Search code examples
rseleniumweb-scrapingrseleniumheadless-browser

Is there a way to count characters on a web page opened in a browser application from R


I have saved pages web pages in text (as .txt files), lots of them. These are public profile pages from a social media site. I want to do a rough measure of how much stuff is on these profile pages. When I save these text files as .html, then open them in a browser, I can see the profile presented. But the text file is a poor indication of how developed the content is on the profile page. If I do character counts on this, it is completely uncorrelated to how developed the viewable profile is (so I learned that html files are such are not good proxies of what shows up when you view the file, since there is a lot of text that does not get rendered in browser windows).
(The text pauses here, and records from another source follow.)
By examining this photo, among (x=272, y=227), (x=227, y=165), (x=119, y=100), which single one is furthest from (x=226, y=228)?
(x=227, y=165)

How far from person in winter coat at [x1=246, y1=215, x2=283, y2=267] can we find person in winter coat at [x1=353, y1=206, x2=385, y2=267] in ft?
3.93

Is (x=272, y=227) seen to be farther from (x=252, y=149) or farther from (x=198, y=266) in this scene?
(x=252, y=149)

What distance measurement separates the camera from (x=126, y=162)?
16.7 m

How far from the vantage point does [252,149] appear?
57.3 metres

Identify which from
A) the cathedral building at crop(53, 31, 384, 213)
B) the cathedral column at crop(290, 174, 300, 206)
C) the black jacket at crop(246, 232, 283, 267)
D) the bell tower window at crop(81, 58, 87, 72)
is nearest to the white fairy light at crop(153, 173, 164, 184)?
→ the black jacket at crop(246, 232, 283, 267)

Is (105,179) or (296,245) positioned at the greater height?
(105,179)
The typical parsing functions from r to extract from .html files seems to drop a lot of the content - I think these profile pages are not very well structured.

I can open these files in an application like chrome from R. But is there a way (programmatically from R) to cut/paste the text rendered in Chrome to another file, as a way of measuring the text that appears in these profiles? I would like to create something automated from R, and loop it.
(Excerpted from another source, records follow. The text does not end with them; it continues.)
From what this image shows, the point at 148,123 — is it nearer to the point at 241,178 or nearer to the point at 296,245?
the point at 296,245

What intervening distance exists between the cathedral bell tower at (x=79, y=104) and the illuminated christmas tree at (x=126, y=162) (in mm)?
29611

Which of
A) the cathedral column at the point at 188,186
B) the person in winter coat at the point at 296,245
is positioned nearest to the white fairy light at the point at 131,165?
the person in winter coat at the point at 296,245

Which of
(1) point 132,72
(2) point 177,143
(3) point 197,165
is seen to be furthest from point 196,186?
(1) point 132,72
I'll place a dropbox link to example files (input and output) here -> https://www.dropbox.com/sh/4fqxwbj74tnfaxq/AACtexD7OVYYrMoTDrudbacba?dl=0. In the file, "test2_simple_pagecode.txt", this has the page source code of a sample profile. One could change this to a .html extension, and bring it up in a browser and view the page. What I want to do is bring that file up in a browser window, then cut and paste the text of the entire page into a separate file like the example in "test2_simple_cutpaste.txt". This way, the new file only has words that are actually seen in the profile.


Solution

  • This page relies heavily on javascript to render the page. I suggest looking into rselenium to process the page. RSelenium will be able to process the javascript and you would be able to use the "rvest" package to extract the information of interest.
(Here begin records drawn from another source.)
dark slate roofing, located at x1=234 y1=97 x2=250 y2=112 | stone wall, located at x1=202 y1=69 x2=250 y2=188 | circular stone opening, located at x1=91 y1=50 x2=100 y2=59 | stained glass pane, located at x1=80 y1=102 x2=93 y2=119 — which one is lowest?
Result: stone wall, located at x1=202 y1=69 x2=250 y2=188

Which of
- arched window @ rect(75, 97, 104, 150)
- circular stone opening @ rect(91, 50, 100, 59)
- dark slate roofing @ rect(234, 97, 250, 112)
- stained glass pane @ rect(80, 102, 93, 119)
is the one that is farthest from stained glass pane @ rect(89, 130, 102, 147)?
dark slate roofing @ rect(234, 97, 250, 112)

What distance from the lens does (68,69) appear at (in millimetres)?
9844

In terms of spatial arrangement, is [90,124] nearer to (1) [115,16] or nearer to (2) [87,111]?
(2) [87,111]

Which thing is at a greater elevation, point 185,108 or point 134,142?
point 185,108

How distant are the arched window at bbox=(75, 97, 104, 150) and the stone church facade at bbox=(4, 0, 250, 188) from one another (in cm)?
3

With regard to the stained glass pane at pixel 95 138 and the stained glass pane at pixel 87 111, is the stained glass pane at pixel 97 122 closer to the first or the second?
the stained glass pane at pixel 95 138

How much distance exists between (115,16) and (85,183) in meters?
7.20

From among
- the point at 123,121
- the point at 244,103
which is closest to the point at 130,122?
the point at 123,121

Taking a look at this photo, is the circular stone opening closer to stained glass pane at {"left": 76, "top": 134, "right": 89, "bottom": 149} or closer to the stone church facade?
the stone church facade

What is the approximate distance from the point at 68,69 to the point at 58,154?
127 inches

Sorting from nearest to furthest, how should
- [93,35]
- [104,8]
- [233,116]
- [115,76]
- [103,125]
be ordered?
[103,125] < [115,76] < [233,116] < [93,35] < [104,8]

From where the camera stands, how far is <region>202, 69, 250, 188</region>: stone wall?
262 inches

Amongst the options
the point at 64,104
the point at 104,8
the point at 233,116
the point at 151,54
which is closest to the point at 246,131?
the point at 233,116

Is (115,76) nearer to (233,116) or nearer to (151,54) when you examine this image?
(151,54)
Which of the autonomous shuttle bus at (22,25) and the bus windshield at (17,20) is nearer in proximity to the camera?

    Here is very quick and very dirty way to extract the information stored in the person’s profile, but there is also a lot of extraneous information stored there also.

    It appears that the information in profile is stored as JSON data in a comment in the html code. The example below extracts that comment, removes the unicode character and parses the JSON data.

    lines <-readLines("test2_simple_pagecode.txt")
    alllines <- paste(lines, collapse = " ")
    
    library(stringr)
    
    output<-stringr::str_extract(alllines, "<!--\\{\"content\"\\:\\{\"Notes\".+?-->")
    nchar(output)
    
    output2<-gsub("\\\\u002d", " ", output)
    jsonlite::parse_json(substr(output2, 5, nchar(output2)-3))